Haber-Fatma TEMEL
İnsan Hakları Derneği Diyarbakır Şubesi, “17-31 Mayıs Uluslararası Gözaltında Kayıplara Karşı Mücadele Haftası”na ilişkin yazılı açıklama yaptı. Açıklamada, toplumsal bir barışa dayalı yaşamı inşa etmenin yolunun, ancak geçmişle yüzleşmekten geçebileceği ifade edildi.
Kayıpların bulunması ve faillerin yargılanması talebiyle 27 Mayıs 1995 tarihinde başlayan ve her cumartesi günü İstanbul Galatasaray Meydanı’nda eylem yapan Cumartesi Anneleri’ne atıfta bulunulan açıklamada, “Aradan geçen 28 yıla rağmen ne yazık ki ülkeyi yöneten siyasi iktidarların insanlığa karşı suç olarak kabul edilen ‘Gözaltında Zorla Kaybetme’ olaylarının aydınlatılmasına dönük olumlu bir adım atmadıklarına, kayıp yakınları ile Cumartesi İnsanları’nın bu zorlu ve uzun soluklu mücadelelerine kulaklarını tıkadıklarına tanıklık ettik” denildi.
KAYIP YAKINLARININ MÜCADELESİNE ORTAKLIK ÇAĞRISI
Açıklamanın devamında, şu ifadelere yer verildi: “Diyarbakır’da 31 Ocak 2009 tarihinden bu yana tüm baskı ve engellemelere karşı adalet arayışından bir adım dahi geri atmayan kayıp yakınları ve biz hak savunucuları, hiç şüphesiz ki mücadelemizi her koşulda sürdürmeye devam edeceğiz. Bu vesileyle sivil toplum örgütlerini, insan hakları savunucularını ve vicdan sahibi herkesi kayıp yakınlarının mücadelesine ortak olmaya ve her Cumartesi günü saat 12.00’de Koşuyolu Parkı Yaşam Hakkı Anıtı önünde, ‘Kayıplar Bulunsun Failler Yargılansın’ şiarıyla gerçekleştirdiğimiz eyleme katılarak dayanışma içinde olmaya davet ediyoruz.”
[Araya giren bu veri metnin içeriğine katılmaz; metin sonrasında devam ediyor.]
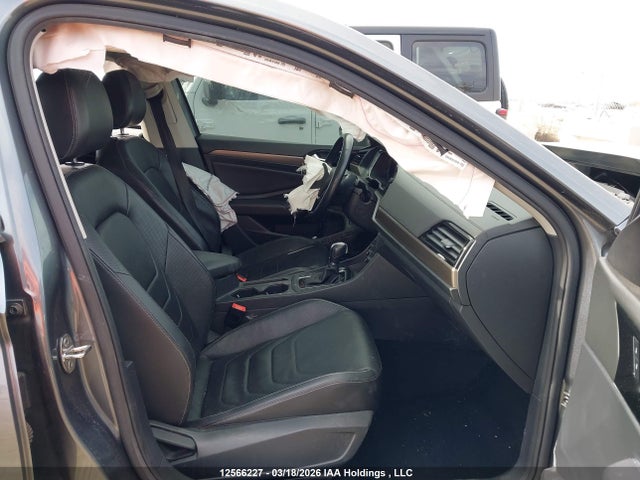 3VWG57BU7KM024222 Volkswagen Jetta Sel Premium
Açıklamada, şu talepler sıralandı:
*Cezasızlık ve adaletsizlik üreten mevcut idari ve adli sistem, evrensel hukuk ilkelerine uygun bir şekilde bir an önce değiştirilmelidir.
*Her şeyden önce, zorla kaybettirilenlerin akıbetlerinin ortaya çıkarılmasını ve faili meçhul cinayetler sonucu katledilenlerin faillerinin tespiti için devletin ilgili tüm arşivleri açılmalıdır.
*Bu topraklarda benzeri acıların bir daha yaşanmaması, hakikatlerin ortaya çıkarılması ve toplumsal barışın tesisi için ‘Geçmişle Yüzleşme ve Hakikatleri Araştırma Komisyonu’nun kurulmasını talep ediyoruz.
*Gözaltında kaybetme suçunu gündemde tutmak, özel bir ilgiyle takip etmek, bu suçu işleyenlerin, suça azmettirenlerin hukuka uygun şekilde yargılanmalarını talep etmek insanlık görevidir.
*Bu topraklarda yaşanan gözaltında kaybettirmeler için devleti, uluslararası taahhütlerine uyarak hesap verme sorumluluğunu yerine getirmeye,
*Hükümeti derhal BM Bütün Kişilerin Zorla Kaybedilmeden Korunmasına Dair Uluslararası Sözleşmeyi imzalamaya çağırıyoruz.
*Gözaltında kaybetmeyi muhaliflere karşı bir yok etme yöntemi olarak kullanan devletleri, bu suçu işlemekten vazgeçmeye çağırıyoruz.”